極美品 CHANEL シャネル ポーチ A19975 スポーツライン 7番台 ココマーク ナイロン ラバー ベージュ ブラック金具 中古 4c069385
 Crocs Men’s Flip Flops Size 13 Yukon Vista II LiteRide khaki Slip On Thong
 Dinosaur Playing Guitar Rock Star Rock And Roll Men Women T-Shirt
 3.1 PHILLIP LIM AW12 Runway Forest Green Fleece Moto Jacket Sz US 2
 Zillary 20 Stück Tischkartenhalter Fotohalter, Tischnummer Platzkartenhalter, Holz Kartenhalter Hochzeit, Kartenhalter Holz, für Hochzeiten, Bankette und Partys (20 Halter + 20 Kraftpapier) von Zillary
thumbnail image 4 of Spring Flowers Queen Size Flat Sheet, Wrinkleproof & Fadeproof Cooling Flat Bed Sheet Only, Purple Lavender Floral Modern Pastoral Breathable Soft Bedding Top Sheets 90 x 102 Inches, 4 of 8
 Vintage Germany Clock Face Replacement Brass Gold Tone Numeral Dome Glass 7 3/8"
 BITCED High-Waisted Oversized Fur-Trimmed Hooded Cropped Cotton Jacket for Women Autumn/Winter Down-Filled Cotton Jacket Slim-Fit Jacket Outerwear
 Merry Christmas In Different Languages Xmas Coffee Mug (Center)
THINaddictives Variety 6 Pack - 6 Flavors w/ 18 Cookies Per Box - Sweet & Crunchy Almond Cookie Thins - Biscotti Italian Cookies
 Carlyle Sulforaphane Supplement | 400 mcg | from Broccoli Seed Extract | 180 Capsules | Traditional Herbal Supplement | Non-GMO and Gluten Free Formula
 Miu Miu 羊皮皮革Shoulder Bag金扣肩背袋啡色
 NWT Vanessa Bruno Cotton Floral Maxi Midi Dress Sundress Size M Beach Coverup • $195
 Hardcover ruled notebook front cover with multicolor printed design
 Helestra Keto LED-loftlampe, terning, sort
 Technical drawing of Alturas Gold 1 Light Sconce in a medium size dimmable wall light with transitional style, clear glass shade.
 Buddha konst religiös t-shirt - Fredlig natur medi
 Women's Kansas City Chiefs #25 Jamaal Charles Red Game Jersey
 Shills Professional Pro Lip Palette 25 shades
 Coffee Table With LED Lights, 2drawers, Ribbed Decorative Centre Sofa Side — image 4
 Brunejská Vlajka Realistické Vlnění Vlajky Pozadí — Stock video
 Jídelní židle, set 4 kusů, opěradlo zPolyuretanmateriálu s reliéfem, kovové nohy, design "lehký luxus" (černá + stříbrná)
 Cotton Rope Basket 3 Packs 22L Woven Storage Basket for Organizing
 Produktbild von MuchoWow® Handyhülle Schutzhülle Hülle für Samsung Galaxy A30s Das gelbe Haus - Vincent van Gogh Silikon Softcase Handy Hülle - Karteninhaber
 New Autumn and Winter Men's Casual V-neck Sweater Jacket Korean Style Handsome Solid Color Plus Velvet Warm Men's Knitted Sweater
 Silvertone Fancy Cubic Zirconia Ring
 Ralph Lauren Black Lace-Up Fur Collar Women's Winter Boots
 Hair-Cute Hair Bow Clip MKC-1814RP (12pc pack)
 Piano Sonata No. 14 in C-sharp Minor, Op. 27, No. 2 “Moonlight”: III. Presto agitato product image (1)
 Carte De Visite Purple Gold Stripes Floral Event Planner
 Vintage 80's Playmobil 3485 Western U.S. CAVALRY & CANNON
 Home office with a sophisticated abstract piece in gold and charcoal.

**EXERCISE PROMPT**
Your output should be the lines from the one with "Jídelní židle, set" through the last line of the entries above, copied exactly and nothing more.

**ANSWER FOR THE TASK**
 Jídelní židle, set 4 kusů, opěradlo zPolyuretanmateriálu s reliéfem, kovové nohy, design "lehký luxus" (černá + stříbrná)
 Cotton Rope Basket 3 Packs 22L Woven Storage Basket for Organizing
 Produktbild von MuchoWow® Handyhülle Schutzhülle Hülle für Samsung Galaxy A30s Das gelbe Haus - Vincent van Gogh Silikon Softcase Handy Hülle - Karteninhaber
 New Autumn and Winter Men's Casual V-neck Sweater Jacket Korean Style Handsome Solid Color Plus Velvet Warm Men's Knitted Sweater
 Silvertone Fancy Cubic Zirconia Ring
 Ralph Lauren Black Lace-Up Fur Collar Women's Winter Boots
 Hair-Cute Hair Bow Clip MKC-1814RP (12pc pack)
 Piano Sonata No. 14 in C-sharp Minor, Op. 27, No. 2 “Moonlight”: III. Presto agitato product image (1)
 Carte De Visite Purple Gold Stripes Floral Event Planner
 Vintage 80's Playmobil 3485 Western U.S. CAVALRY & CANNON
 Home office with a sophisticated abstract piece in gold and charcoal.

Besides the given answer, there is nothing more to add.